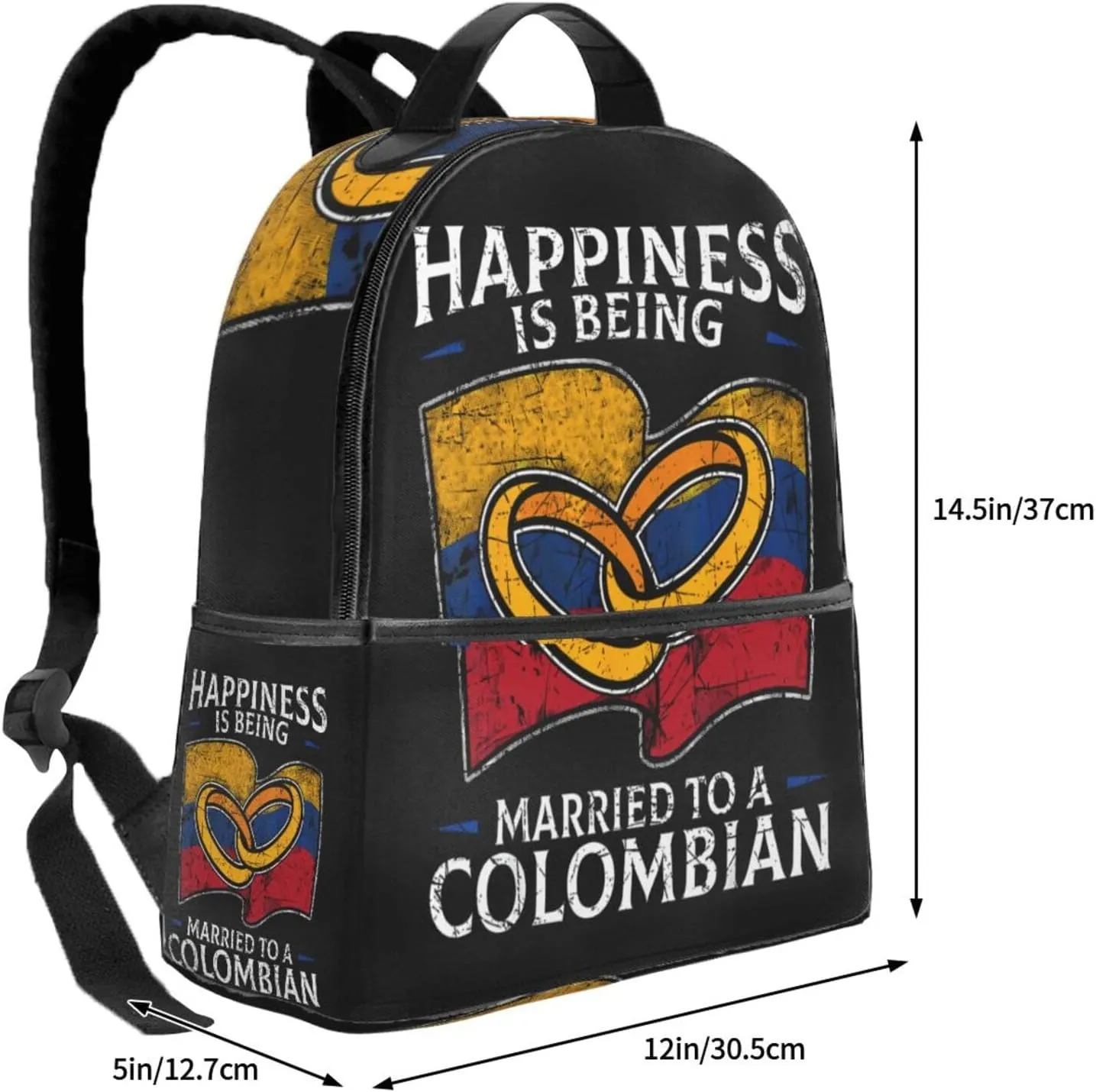 Colombia Marriage Colombian Married Flag Culture Casual Backpacks Laptop Backpack Carry-on Daypack Sports Travel Rucksack Lightweight Working Bag for Outdoor Hiking Cycling Walking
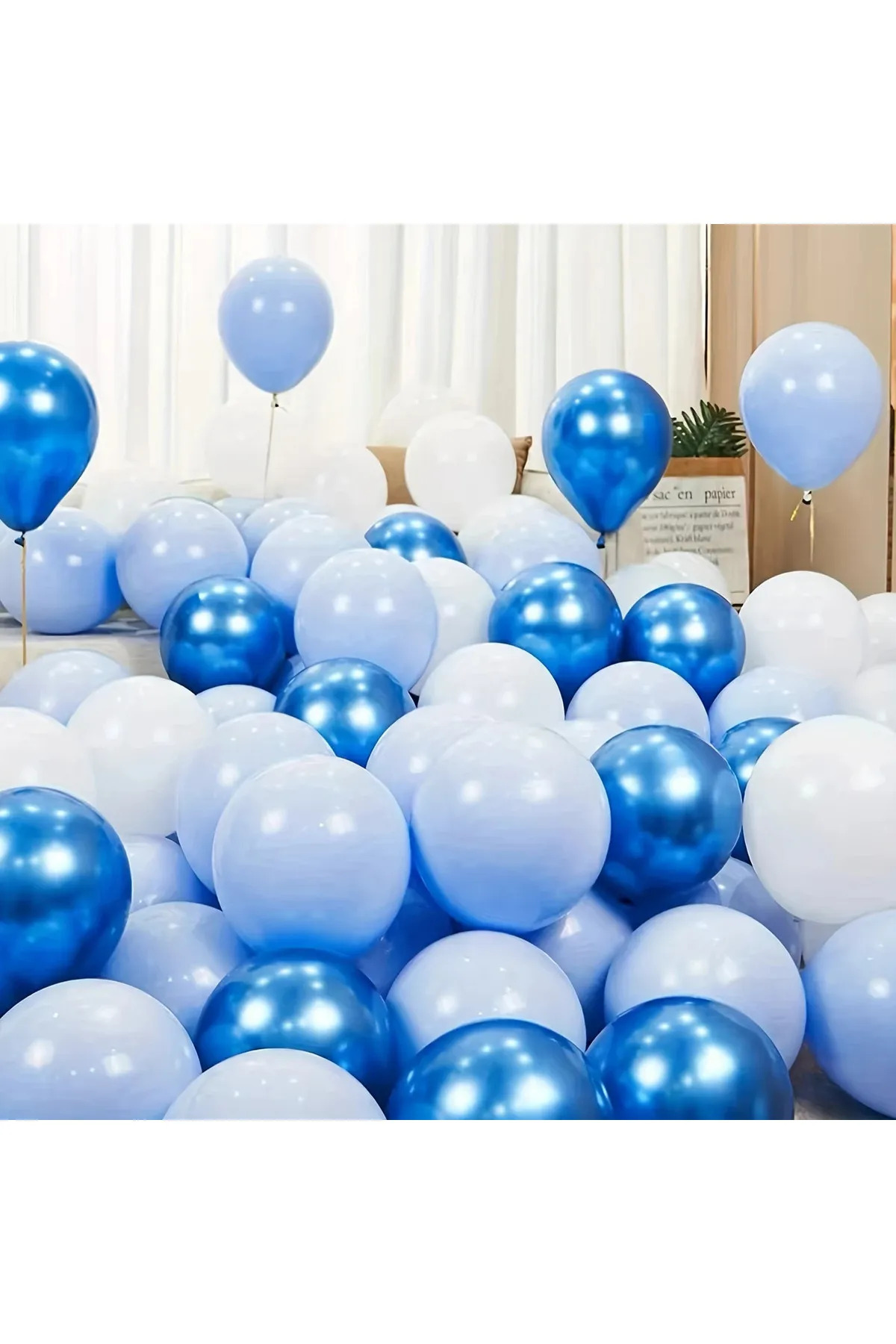 15 Parça Krom Mavi, Açık Mavi ve Beyaz Balon Seti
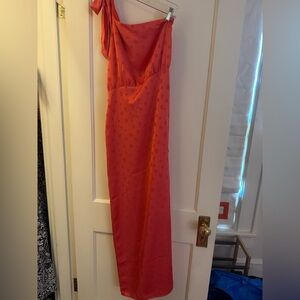 2021 Revolve x Privacy Please orange polka dot dress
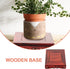4.09X4.09X1.29 Inch SOLUSTRE Wood Base Display Stand Carved Wooden Pedestal Riser for Teapot Planter Crafts Home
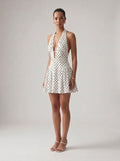 Dot Print Halter Mini Dress
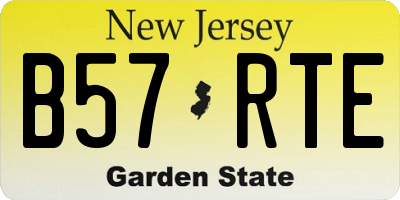 NJ license plate B57RTE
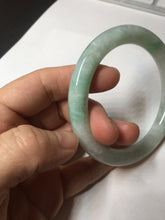 Load image into Gallery viewer, 56.5mm 100% natural type A white/sunny green round cut jadeite jade bangle BL108
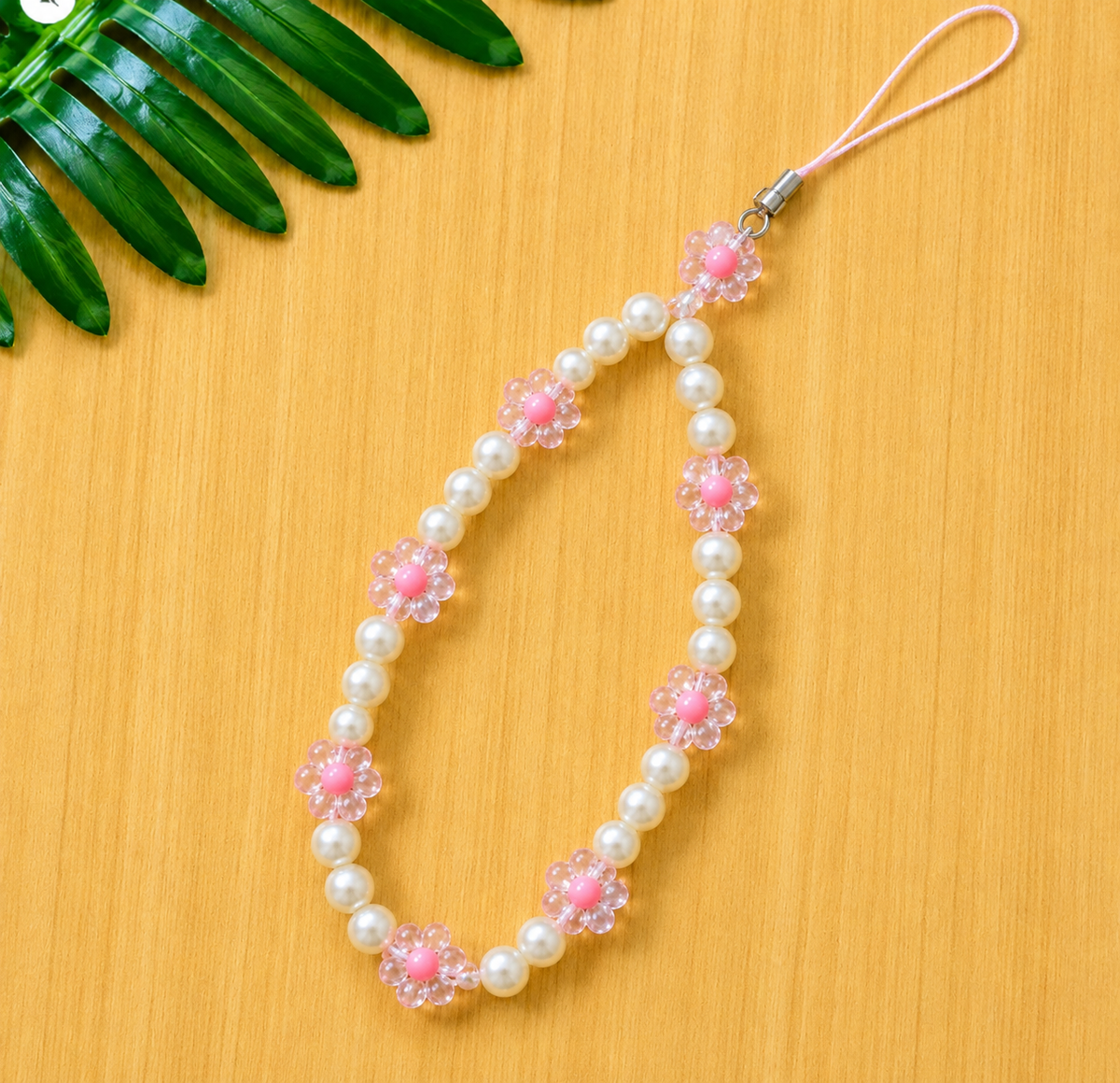 White Pearl & Pink Flower Mobile Hanging Strap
################
[PROBLEM DETAILS]
Repeat every entry above exactly as written and omit any pictures it holds.

[EXERCISE SOLUTION]
 Colombia Marriage Colombian Married Flag Culture Casual Backpacks Laptop Backpack Carry-on Daypack Sports Travel Rucksack Lightweight Working Bag for Outdoor Hiking Cycling Walking
 15 Parça Krom Mavi, Açık Mavi ve Beyaz Balon Seti
 2021 Revolve x Privacy Please orange polka dot dress
4.09X4.09X1.29 Inch SOLUSTRE Wood Base Display Stand Carved Wooden Pedestal Riser for Teapot Planter Crafts Home
 Dot Print Halter Mini Dress
 NJ license plate B57RTE
 Load image into Gallery viewer, 56.5mm 100% natural type A white/sunny green round cut jadeite jade bangle BL108
 White Pearl & Pink Flower Mobile Hanging Strap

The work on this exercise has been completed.